## AIM OF THE EXERCISE
Every line of the entries below from the one containing "Dunkelgrauer Strickpullover mit" to the one containing "Homme portant une", both ends included, must be written out exactly. No other line belongs in the answer.

## EXCERPTED RECORDS
····················

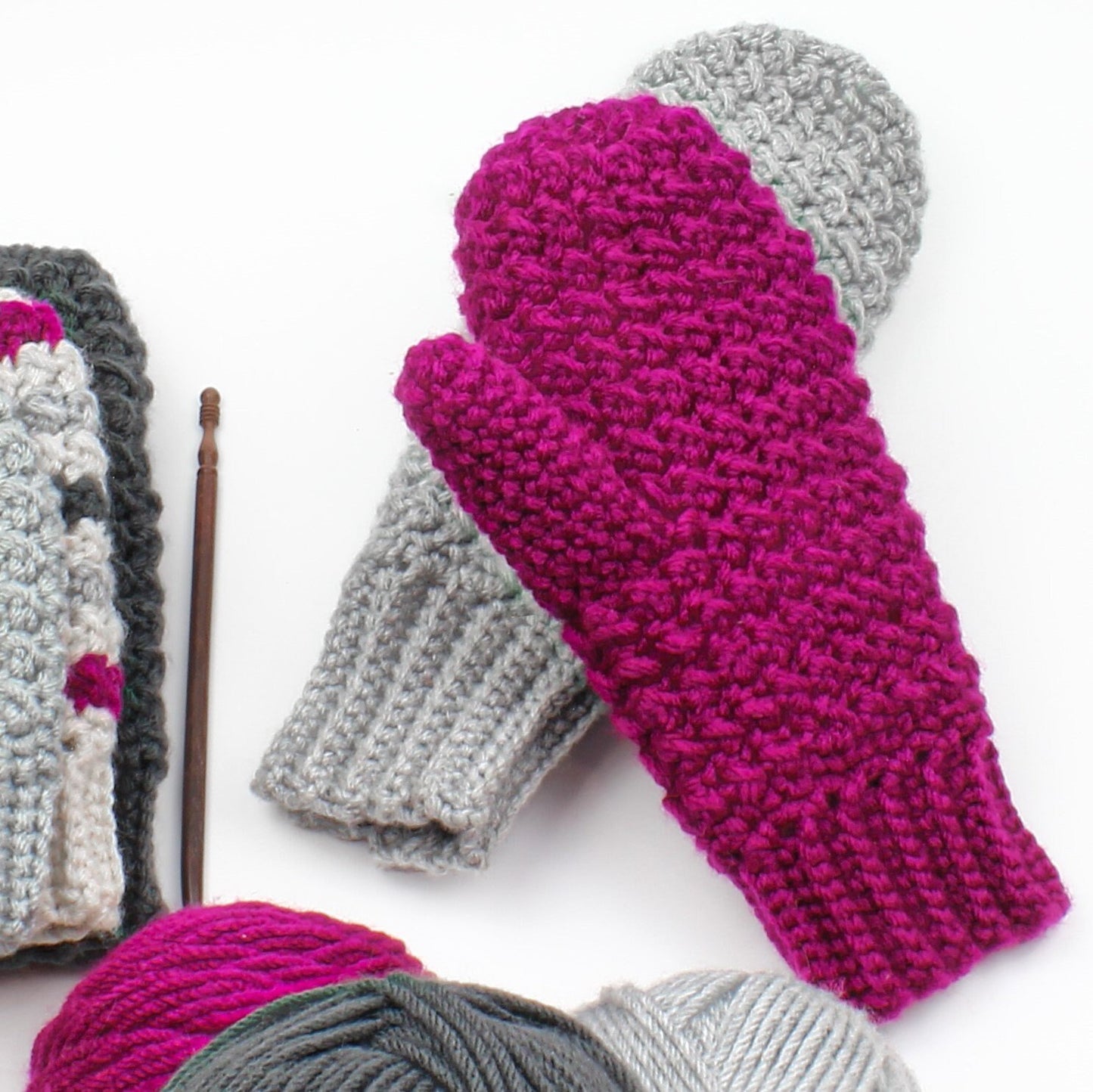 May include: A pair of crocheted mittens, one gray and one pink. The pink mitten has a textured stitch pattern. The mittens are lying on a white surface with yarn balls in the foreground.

····················

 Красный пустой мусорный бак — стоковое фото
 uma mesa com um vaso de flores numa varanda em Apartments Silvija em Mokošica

····················

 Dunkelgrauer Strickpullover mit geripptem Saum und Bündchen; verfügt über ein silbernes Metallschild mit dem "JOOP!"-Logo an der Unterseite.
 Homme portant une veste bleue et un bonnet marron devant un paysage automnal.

····················

## RESPONSE TO THE EXERCISE
 Dunkelgrauer Strickpullover mit geripptem Saum und Bündchen; verfügt über ein silbernes Metallschild mit dem "JOOP!"-Logo an der Unterseite.
 Homme portant une veste bleue et un bonnet marron devant un paysage automnal.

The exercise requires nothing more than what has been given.